Daten-Gewerkschaften
Vielleicht wird die Arbeit mit Avatar:innen einmal auch für die Gewerkschaftsbewegung wieder eine brauchbare Aktionsmöglichkeit darstellen, etwa zur Interessenvertretung der Arbeitnehmer:innen entlang weltweiter Güterketten. Google-Chairman Eric Schmidt prophezeite, das Internet würde in absehbarer Zeit unser Leben so sehr durchdringen, dass wir es gar nicht mehr bemerken. Hier weitergedacht wäre auch eine Verschmelzung von realen Menschen und ihren Avantar:innen vielleicht nicht außerhalb des Möglichen.
Umso wichtiger ist es, dass die Interessenvertretungen der Arbeitnehmer:innen und aller anderen, die nicht zu den Nutznießer:innen der turbokapitalistischen Globalisierung zählen, die Warnungen hinsichtlich der Machtverhältnisse im Web und der damit verbundenen Datennutzung sehr ernst nehmen und Strategien zur Gegensteuerung entwickeln.

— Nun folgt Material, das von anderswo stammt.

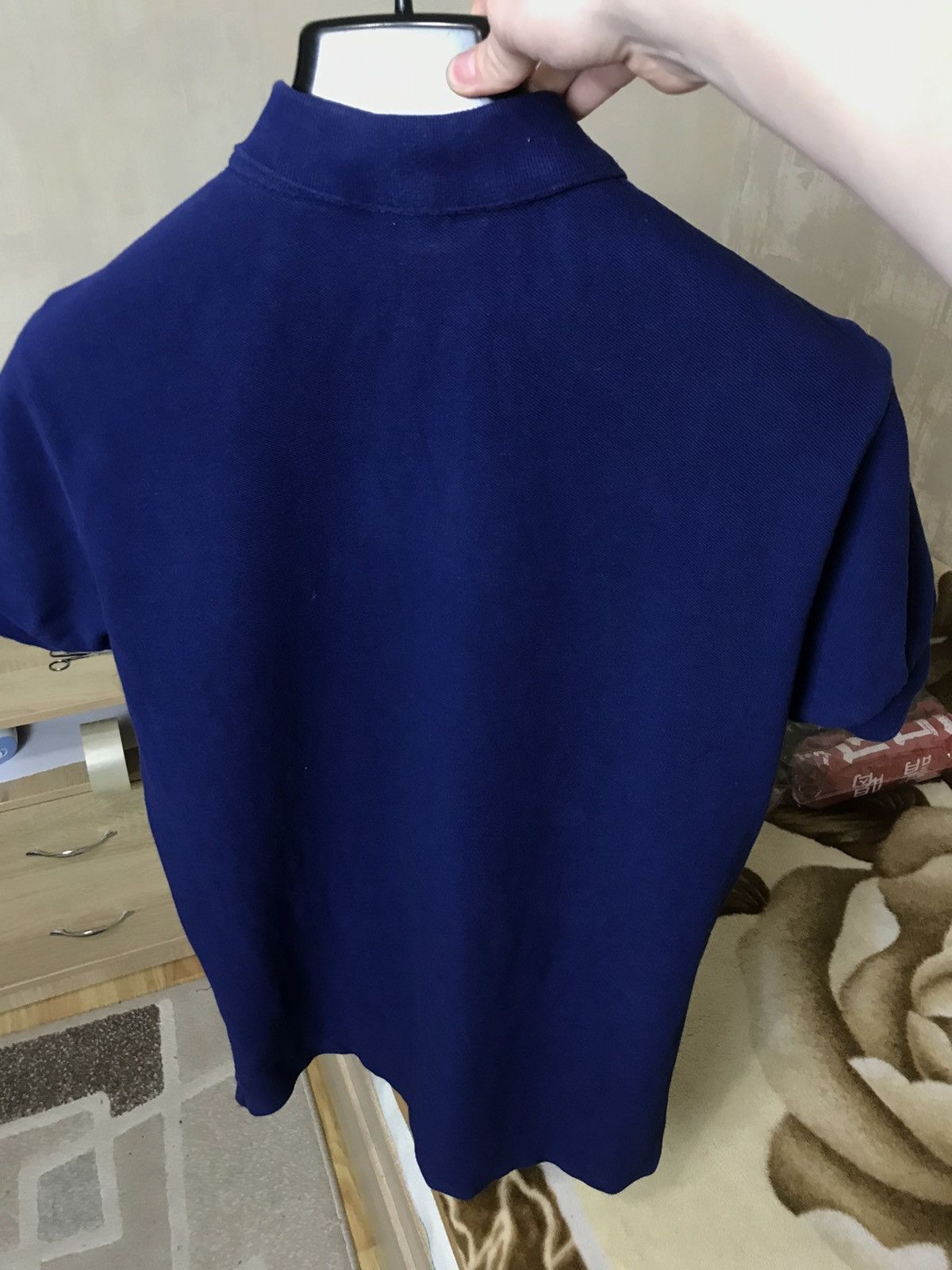 Ralph Lauren 🔥CHIEF KEEF RALPH LAUREN USA RUGBY POLO T SHIRT 90’S Y2K Size US M / EU 48-50 / 2 - 8 Thumbnail
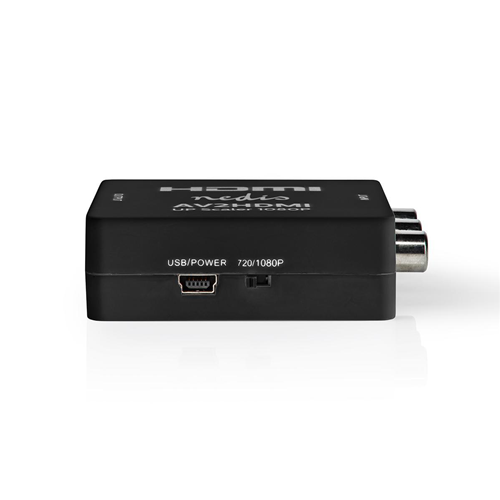Convertitore Composito Video-HDMI™ | 1 Via - 3 RCA (RWY) | Uscita HDMI™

Alex Pentland, der als einer der sieben wichtigsten Computerwissenschaftler der Welt gilt, plädierte etwa am 2. September 2020 in einem „Standard“-Interview dafür, den Datenreichtum unter öffentliche Kontrolle zu stellen und im Interesse der Allgemeinheit, vor allem auch von wirtschaftlich benachteiligten Menschen einzusetzen. Um das durchzusetzen, müssten sich die Menschen in Daten-Gewerkschaften organisieren – wie es seit 150 Jahren die Gewerkschaften machen, um bessere Lohn- und Arbeitsbedingungen durchzusetzen. Die Gewerkschaften selbst, so wäre zu ergänzen, hätten hier im Bereich der Arbeitswelt eine Pionier:innenaufgabe.